Now if you don’t want all the bullshit of visiting back and forth, maybe it’s not close to home or work for example, go for the good old fashioned route… flowers. But you have to be careful not to be tacky. Probably the worst thing you can do is sign your name, “an admirer” can be teasing and fun. Leave it a while and then you can, if you’re on talking terms a bit later, make reference to admiriring people etc i.e. get the coincide stuff in (hint).
But you leave yourself open for ridicule if the flowers thing goes wrong so be easy. If it’s a bar you don’t usually go to and nobody knows you, you’re sound with that but if everyone knows you, it’s a bit of a gamble.
Now confidence is obviously a concern and regards looks, don’t put yourself down. Most good looking lads – with the exception of me – are w*nkers. Girls don’t like lads that are up their own a*rse.
I can pull a bird no problem even at 20 stone (blog that ye fecker), especially if in the company of other lads. If we go out in a group, I’m the one that does the talking. Why? I’m not the best looking and I certainly don’t have the body but I have the gift of the gab. I’m cheeky and I use the odd joke etc but not like a loud comedian or it will put them off ya.
Now you see my style is this. I’d get to know her little as a customer. Then when you’re on first name terms I’d lean on the bar and start coming out with “God… if only I was a fit lad… maybe then you’d marry me eh” – I’d then shake me head and look all sad but in a daft way to make her laugh.
Trust me, Dunk knows best…
She works in a bar right so she’s used to d*ckheads so you have to distance yourself from the “get your coat you’ve pulled” brigade. If someone’s been a cocky tw*t and she’s working.. get your drink and say to her (in reference to the d*ckehead) “I remember when I had my first drink”, hopfully she’ll laugh.. if she doesn’t she’s a miserable fecker.

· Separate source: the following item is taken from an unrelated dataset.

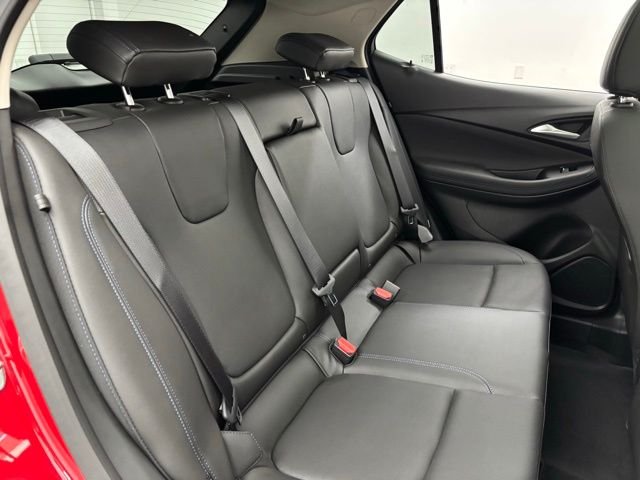 2026 Buick Encore GX Sport Touring - Photo 37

Laugh, mock or put me down… it always works for me. Be yourself. Have a laugh but don’t be so serious. Be a d*ck and she’ll elbow you before you’ve started.
Now if you find out she’s a tart, just give her one if that’s your thing.
I must be getting old because I’d rather have an ice cold pint and a 5-1 winner than have a sh*g.
Although saying that I was in a bar in Durham with a mate a few weeks back… this lovely lass behind the bar… God she was nice.. I says to her “Please could you call the police?”
She asked why I said “Because I’m getting old and I really shouldn’t be thinking the things I am about you… I’ve decided it would be safer all round if I was locked up”.
She wet herself and we had a good laugh and a joke. Now if you carried that kind of line off with attitude you’d come across as a d*ck…. but say it innocently and not seedy i.e. make it fun, and everyone gets a laugh even if it’s at your expense.
If you really think you’re not all that I’d say that to the lasses. I’m a fat c*nt so I poke fun at meself all the time to which I get “awwww… don’t say that you’re lush you” and I just go all daft and say “yeh.. I suppsoe I’m the man really”… be daft and if she can’t take a joke, feck her. That statement applies to everyone in life.
(And another shout out to us. Thanks Dunk. You seem to have a rare form of Tourettes. We’ve never had so many high-quality laughs in one week. Keep ’em coming. Yesterday was our new record for hits by the way.)